Chris Tucker says wants to do a movie on Ethiopia
June 01 2008
ENA The famous American Actor, Chris Tucker is thinking to do a movie in Ethiopia, his favorite African country where he considers as “a second home”.
The Actor who was among more than 200 delegates who paid a two-day visit to Ethiopia before heading to Arusha, Tanzania, for the 8th summit of Leon H. Sullivan Foundation transplanted tree in Ethiopia on Friday.
Chris Tucker told ENA on the spot that “Hopefully, I can come back and do a movie. I have to figure out.” He said “I love Ethiopia. It is my favorite African country. Because of the history… it is just beautiful and the people are beautiful and nice.”
He said “I am happy to be here, this is like my second home.” “Hopefully I can come back in a year or two …and just show that Ethiopia has so much beautiful greenery. This is a great, great flourishing land.”
"This is my second time (to be in Ethiopia). I am looking forward to coming back. On my first time, I didn’t go out the countryside. Today we went out a little further out. And see beautiful trees and hills. That was really nice," he said.
Another member of the delegation, CB Hackworth, is also planning to come back to Ethiopia on a film documentary project on Ethiopia.
He said he wanted to stopover before heading to Arusha for a number of reasons, one of which is because he “…wanted to have some meeting here to discuss the possibility of doing a film here in Ethiopia.” “What we do … is we tell positive stories about Africa,” he said.

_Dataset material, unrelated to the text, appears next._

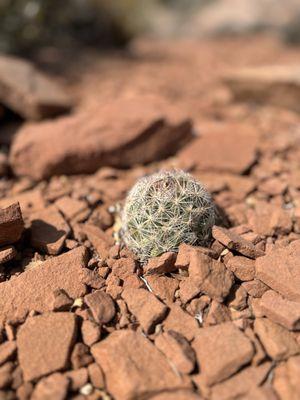 Hiking March 2025 - spotted this tiny cute cactus
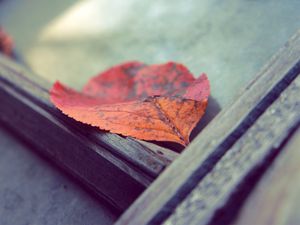 Preview wallpaper leaf, autumn, fallen, surface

According to him, what people outside of Africa know about the continent is what they are told by the media. Mostly, he said, the international media make Africa look a bad place, which he observed is not the true story of Africa.
“People in the US don’t realize they can visit a beautiful city like Addis that there are wonderful hotels and it is peaceful, that they are safe, if people come to know this then they will visit. And it will increase tourism and help the economy. So that is what we are trying to do with the film.”
“We are trying to find positive stories,” he said adding, the initiative of Ethiopia to replenish its lost forest resources in connection with its millennium celebration, which he considers as a wonderful way of marking the millennium, is a positive story.
He said “… News is something happening. For large news organizations, they don’t rush out and spend money and resources to report good things are happening. They rush out and spend money and resources to tell you about a war or a famine. If things are going good they generally don’t consider that news. We are trying to bring some balance to that and say there is more to the world. There is more to Africa.”
“Ethiopia is very civilized. Ethiopia also fought against colonialism. So unlike a lot of parts of Africa, Ethiopia really was able to put its own imprint on its own country. So a lot of your developments are from Ethiopians. So I think that is unique, I think that is something that people who visit will find very interesting,” he said.